[Data section Boundary: Start]
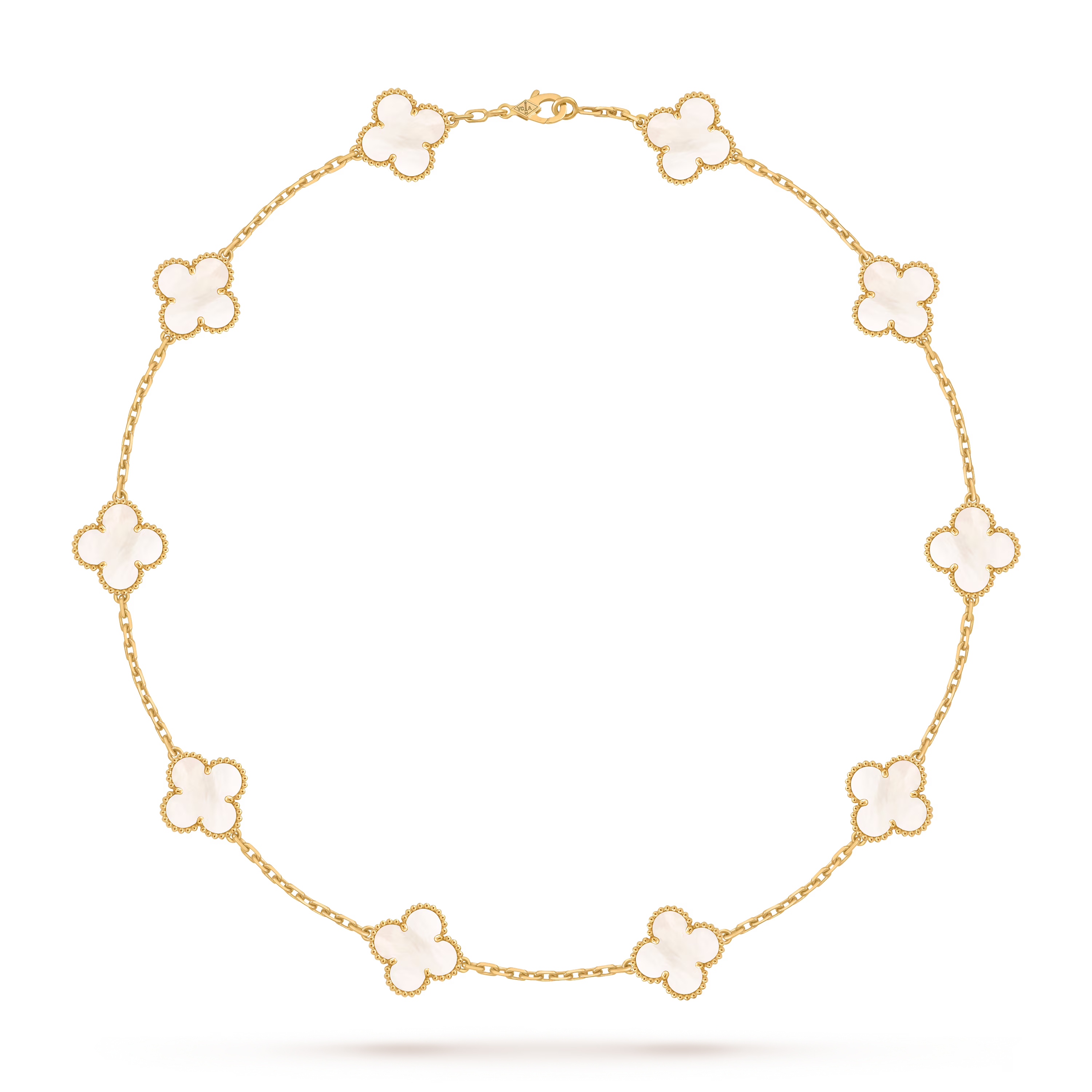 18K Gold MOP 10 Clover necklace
[Data section Boundary: End]
[Data section Boundary: Start]
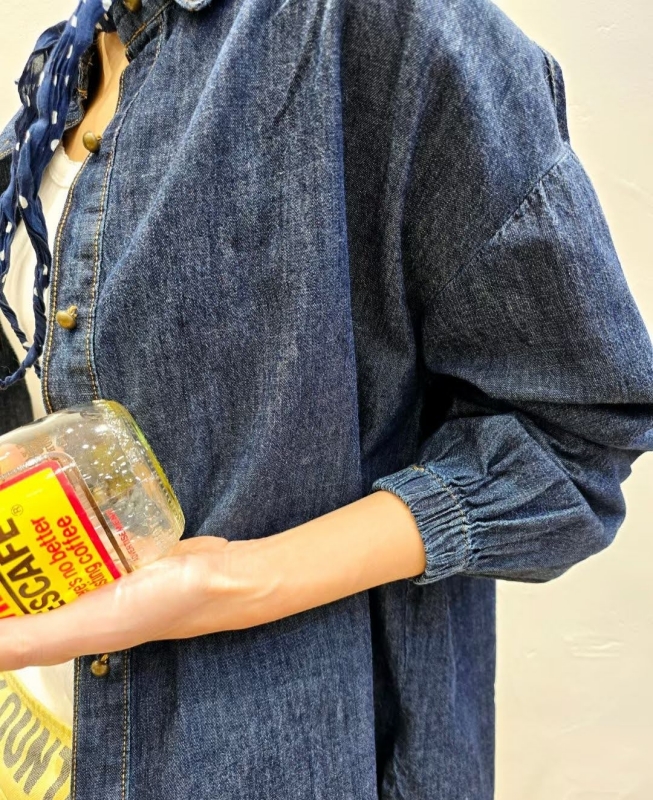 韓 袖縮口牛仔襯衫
[Data section Boundary: End]
[Data section Boundary: Start]
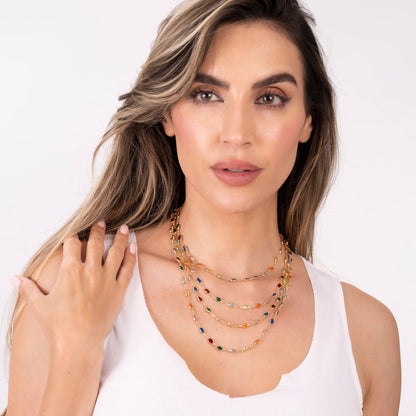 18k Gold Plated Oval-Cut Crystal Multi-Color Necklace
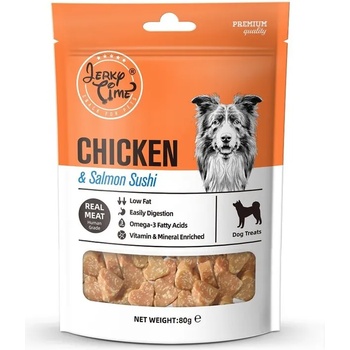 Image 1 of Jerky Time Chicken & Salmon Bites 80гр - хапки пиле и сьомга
[Data section Boundary: End]
== What to produce ==
Of the lines above, copy only those from the one holding "18k Gold Plated" to the one holding "Image 1 of Jerky", both included, and exclude every image.

== Written solution ==
 18k Gold Plated Oval-Cut Crystal Multi-Color Necklace
 Image 1 of Jerky Time Chicken & Salmon Bites 80гр - хапки пиле и сьомга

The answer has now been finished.